La raccolta di dati inesatti o incompleti potrebbe compromettere la salute delle persone
«Il decalogo adottato dal Garante Privacy riveste una grande importanza nell’ambito della data protection in Italia, specialmente per quanto riguarda l’implementazione dei principi di “privacy by design” e “by default” nell’uso dell’intelligenza artificiale nel settore sanitario», ha proseguito Belisario, entrando nel dettaglio. «In particolare, il principio di “privacy by design” implica che la protezione dei dati personali deve essere un elemento integrato nella progettazione e nello sviluppo di sistemi di intelligenza artificiale. Questo approccio richiede che le misure per tutelare la privacy e i dati personali siano considerate fin dall’inizio e durante tutto il ciclo di vita del sistema, non come un’aggiunta successiva. Nel contesto della sanità, dove i dati sono particolarmente delicati, ciò assicura che la protezione dei dati sia una componente fondamentale e non un aspetto secondario (specialmente in ambiti in cui le soluzioni rivestono, spesso, ancora un carattere sperimentale)».
«Invece, il principio di “privacy by default” assicura che i dati dei pazienti siano protetti in modo proattivo, limitando il trattamento dei dati personali al minimo necessario per lo scopo specifico – ha proseguito Belisario -. In conclusione, questi principi sono essenziali per garantire che i sistemi di intelligenza artificiale nel settore sanitario siano sviluppati e utilizzati in modo etico e responsabile, rispettando la privacy e i diritti dei pazienti, e contribuendo a creare un ambiente di fiducia e sicurezza per un sempre più massiccio uso di soluzioni di AI anche nel settore sanitario».
Il principio di conoscibilità
Fra i diritti fondamentali degli utenti c’è quello di conoscibilità. Nel decalogo del Garante viene specificato esplicitamente il diritto dell’interessato di conoscere l’esistenza di processi decisionali basati su trattamenti automatizzati e, in tal caso, «di ricevere informazioni significative sulla logica utilizzata, così da poterla comprendere».

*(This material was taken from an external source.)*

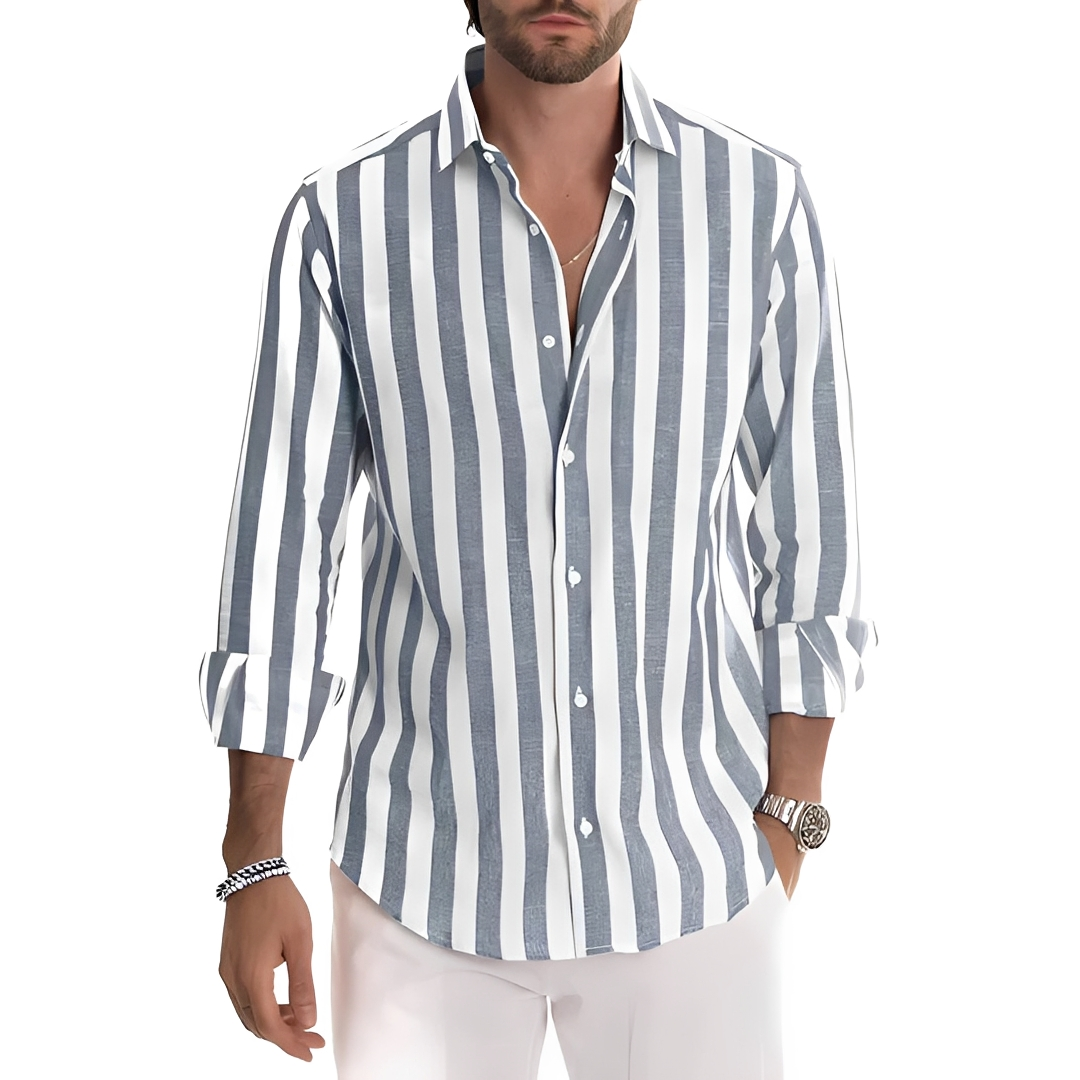 Roldan - Men's summer striped shirt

L’attività dell’AI in campo sanitario dovrà avere uno specifico quadro normativo
Secondo quanto scritto dal Garante della Privacy, prima di mettere nelle mani dell’intelligenza artificiale i dati sanitari dei cittadini italiani, è necessario che venga fatta a livello nazionale una valutazione dell’impatto di utilizzo di questi software. I programmi che trattano dati così sensibili, infatti, devono essere in grado di garantire libertà dei pazienti, la tutela dei diritti e il rispetto dei Regolamenti fissati dall’Unione Europea. Avere a che fare con così tanti dati sanitari a livello nazionale viene infatti considerato “ad alto rischio”: una valutazione preliminare è dunque d’obbligo.
Nel decalogo del Garante viene menzionato che è importante che le logiche algoritmiche utilizzate dai software siano in chiaro, così come le metriche con cui è stato allenato il modello gestionale e i sistemi di controllo e la correzione di eventuali errori di sistema. Dalla valutazione d’impatto, alla ricerca di bias, la trasparenza nell’utilizzo dell’AI è un requisito non negoziabile. Tutte queste necessità dovranno essere messe nero su bianco in un quadro normativo specifico.